What to work on:
A faithful copy is required: transcribe each line below exactly, minus the pictures.

Recorded information:
##############################

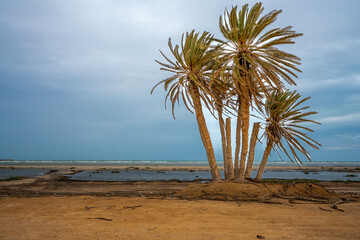 A calm natural scene capturing a cluster of palm trees on a sandy coastline, where dry land meets shallow water under a cloudy sky. A beautiful contrast between coastal and desert vegetation, evoking 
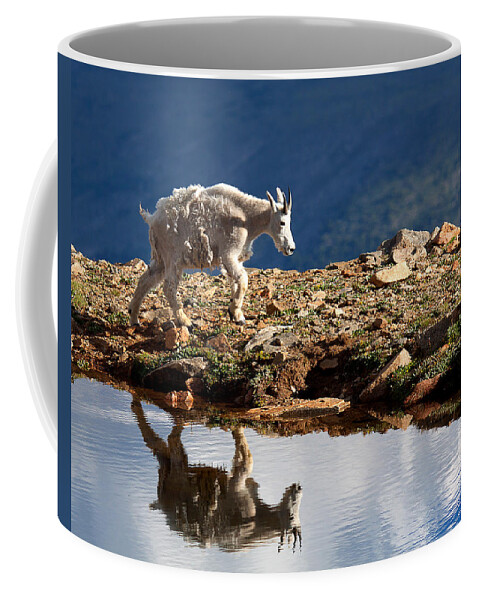 Mountain Goats Coffee Mug featuring the photograph The Walk-About by Jim Garrison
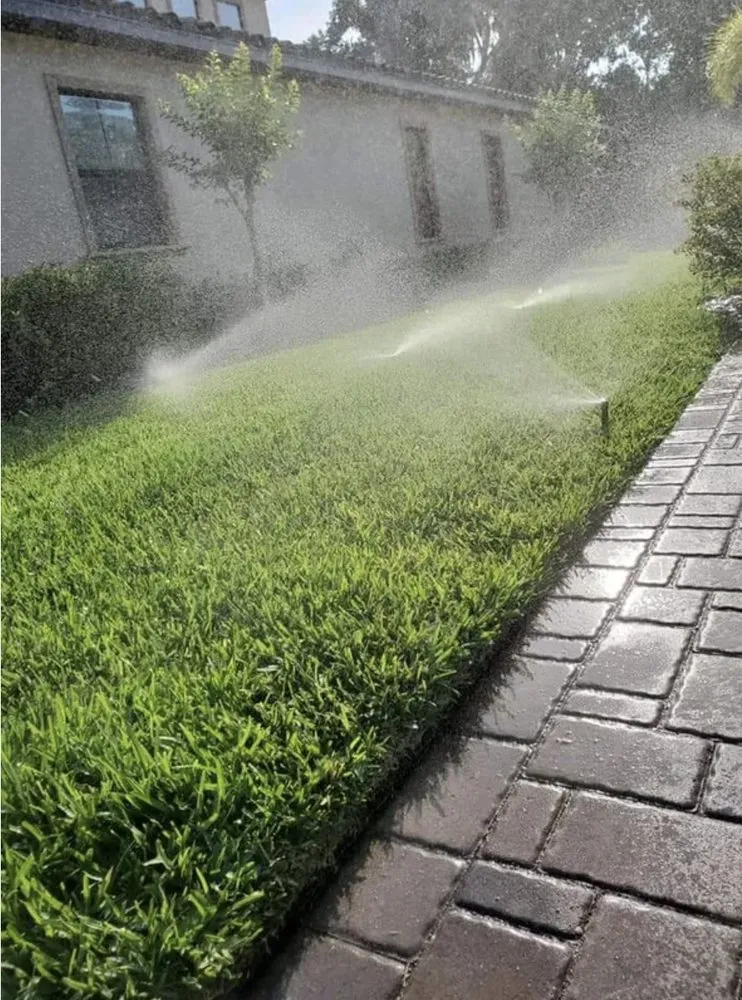 Expert landscaping services in Lutz, FL - Green's Lawn Sprinklers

##############################

Answer section:
 A calm natural scene capturing a cluster of palm trees on a sandy coastline, where dry land meets shallow water under a cloudy sky. A beautiful contrast between coastal and desert vegetation, evoking 
 Mountain Goats Coffee Mug featuring the photograph The Walk-About by Jim Garrison
 Expert landscaping services in Lutz, FL - Green's Lawn Sprinklers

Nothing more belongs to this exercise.